*PROBLEM REQUIREMENTS*. Transcribe all of the data verbatim, please, and leave out its pictures.
# # # # #
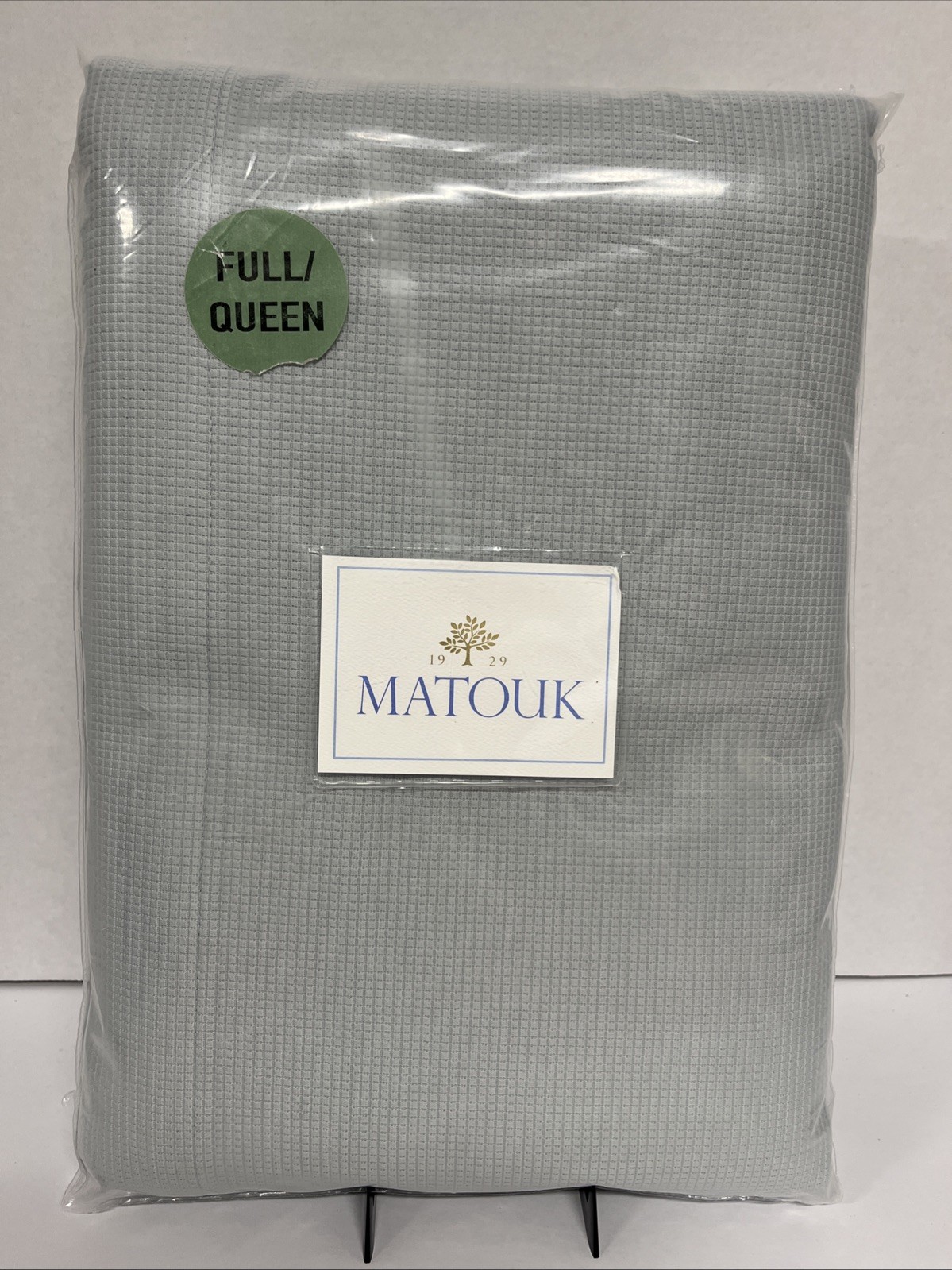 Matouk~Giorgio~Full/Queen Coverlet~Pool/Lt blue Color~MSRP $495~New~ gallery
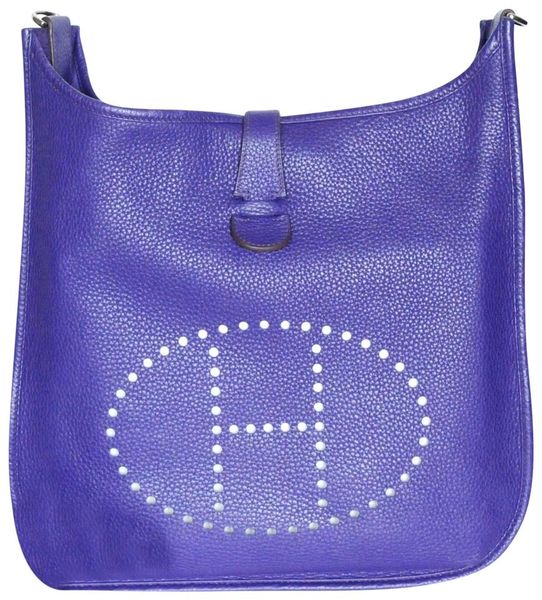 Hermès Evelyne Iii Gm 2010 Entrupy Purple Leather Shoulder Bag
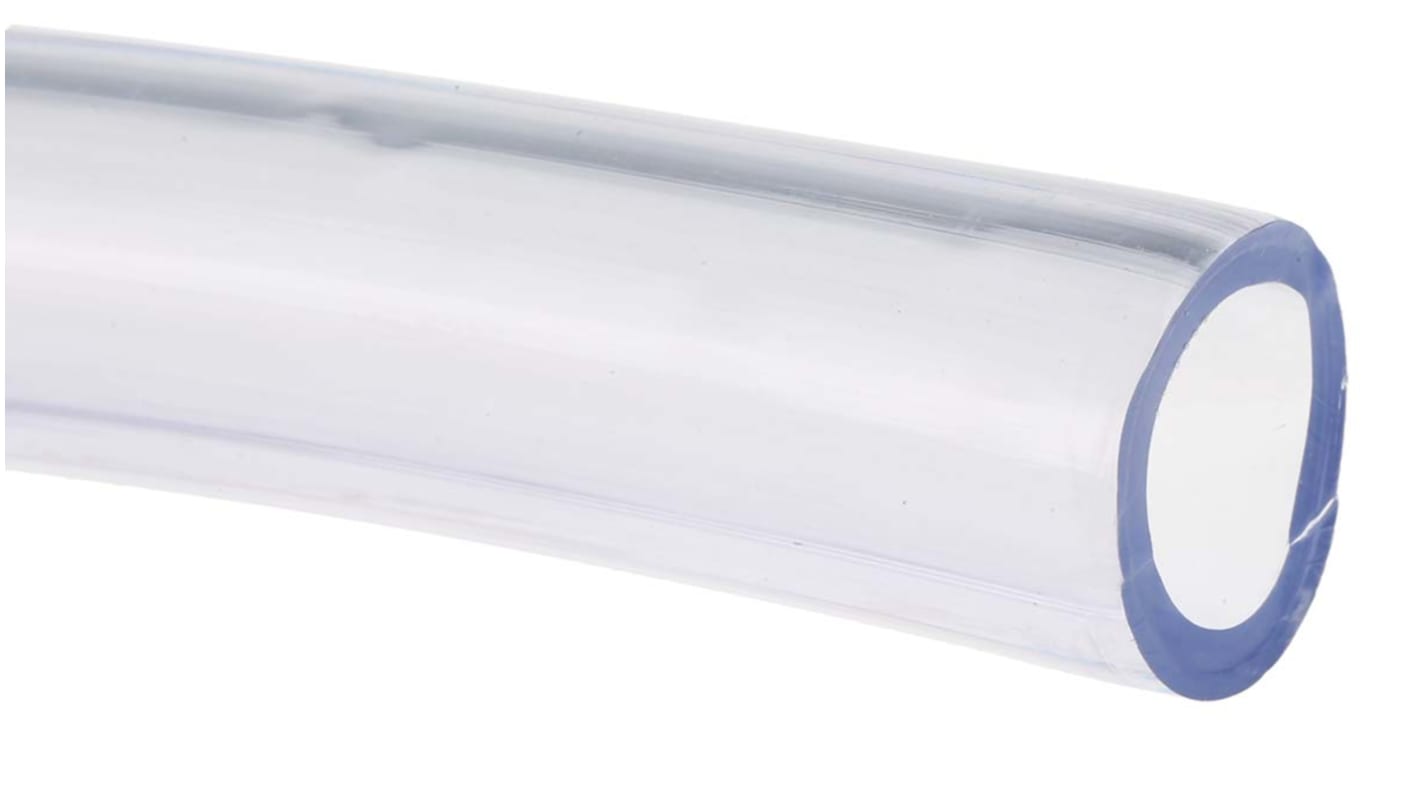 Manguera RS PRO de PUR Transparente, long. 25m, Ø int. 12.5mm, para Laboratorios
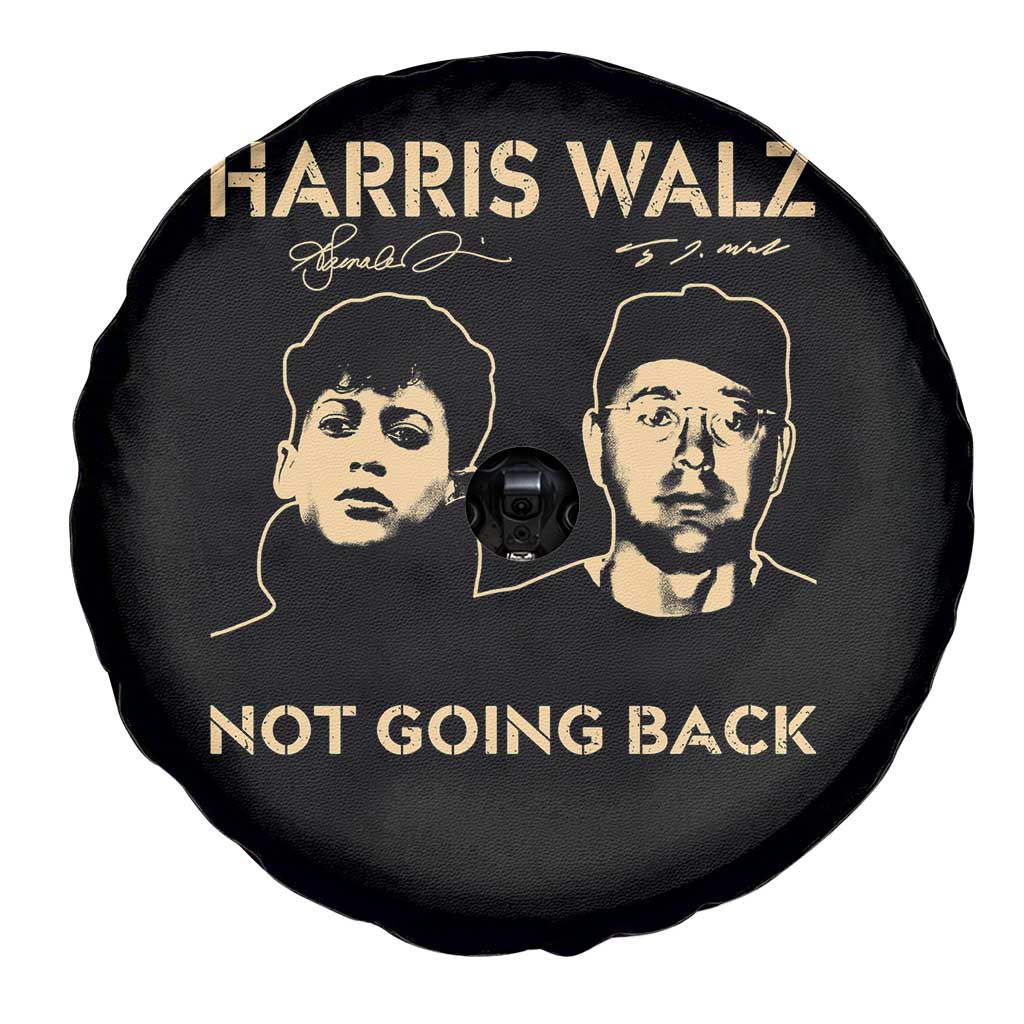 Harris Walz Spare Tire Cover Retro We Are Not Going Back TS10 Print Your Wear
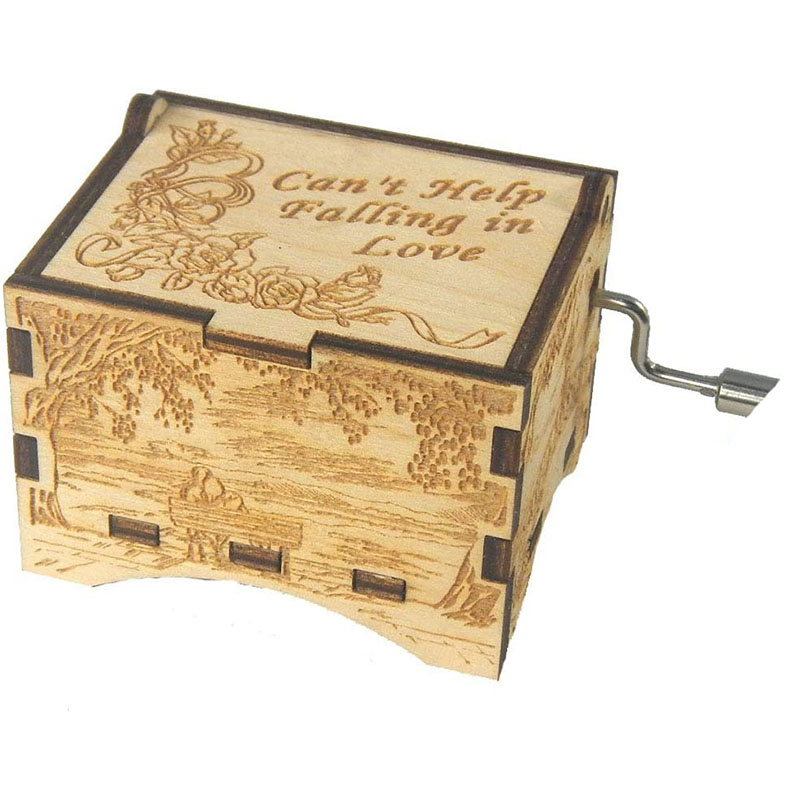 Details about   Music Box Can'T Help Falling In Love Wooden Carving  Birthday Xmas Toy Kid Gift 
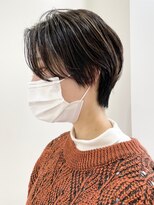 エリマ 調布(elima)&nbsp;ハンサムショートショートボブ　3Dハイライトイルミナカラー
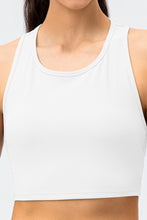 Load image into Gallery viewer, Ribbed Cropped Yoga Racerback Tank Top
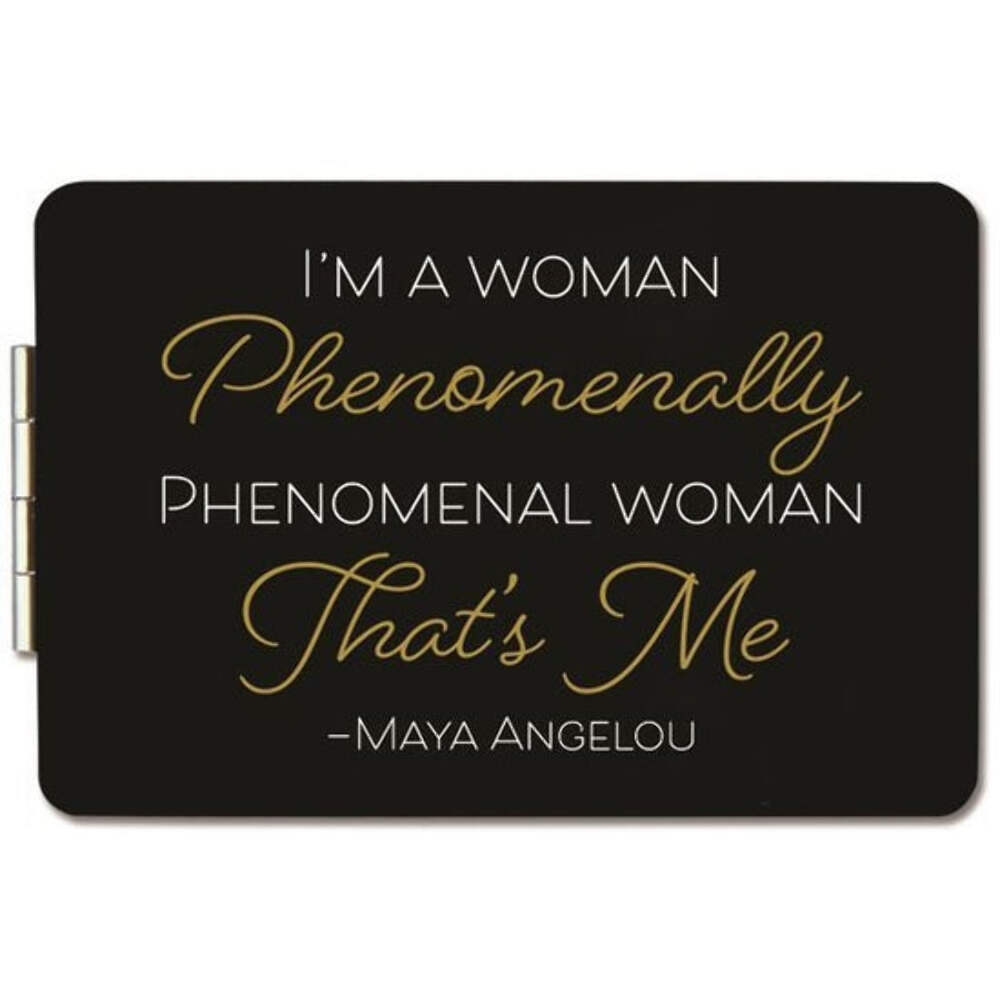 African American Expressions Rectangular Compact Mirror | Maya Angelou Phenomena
# # # # #
*ANSWER TO THIS EXERCISE*.
 Matouk~Giorgio~Full/Queen Coverlet~Pool/Lt blue Color~MSRP $495~New~ gallery
 Hermès Evelyne Iii Gm 2010 Entrupy Purple Leather Shoulder Bag
 Manguera RS PRO de PUR Transparente, long. 25m, Ø int. 12.5mm, para Laboratorios
 Harris Walz Spare Tire Cover Retro We Are Not Going Back TS10 Print Your Wear
 Details about   Music Box Can'T Help Falling In Love Wooden Carving  Birthday Xmas Toy Kid Gift 
 エリマ 調布(elima)&nbsp;ハンサムショートショートボブ　3Dハイライトイルミナカラー
 Load image into Gallery viewer, Ribbed Cropped Yoga Racerback Tank Top
 African American Expressions Rectangular Compact Mirror | Maya Angelou Phenomena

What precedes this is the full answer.